* EXERCISE OBJECTIVE
Please copy the last part of the entries exactly: the line that has "Image number 3" and every line up to and including the end, nothing more.

* MATERIAL SHOWN
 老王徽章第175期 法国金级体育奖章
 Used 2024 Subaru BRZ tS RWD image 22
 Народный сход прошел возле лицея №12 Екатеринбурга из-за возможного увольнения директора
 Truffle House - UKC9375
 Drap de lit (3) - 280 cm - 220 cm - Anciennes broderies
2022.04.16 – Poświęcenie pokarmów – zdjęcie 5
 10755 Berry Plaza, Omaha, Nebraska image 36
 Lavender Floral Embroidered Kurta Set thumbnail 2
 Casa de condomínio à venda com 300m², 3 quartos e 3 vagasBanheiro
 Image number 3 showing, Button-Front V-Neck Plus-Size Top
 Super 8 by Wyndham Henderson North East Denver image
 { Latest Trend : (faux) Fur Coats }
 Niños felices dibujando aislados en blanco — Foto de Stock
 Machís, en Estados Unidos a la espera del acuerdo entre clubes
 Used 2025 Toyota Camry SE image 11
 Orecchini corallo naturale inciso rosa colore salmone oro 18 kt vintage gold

* RESPONSE TO THIS EXERCISE
 Image number 3 showing, Button-Front V-Neck Plus-Size Top
 Super 8 by Wyndham Henderson North East Denver image
 { Latest Trend : (faux) Fur Coats }
 Niños felices dibujando aislados en blanco — Foto de Stock
 Machís, en Estados Unidos a la espera del acuerdo entre clubes
 Used 2025 Toyota Camry SE image 11
 Orecchini corallo naturale inciso rosa colore salmone oro 18 kt vintage gold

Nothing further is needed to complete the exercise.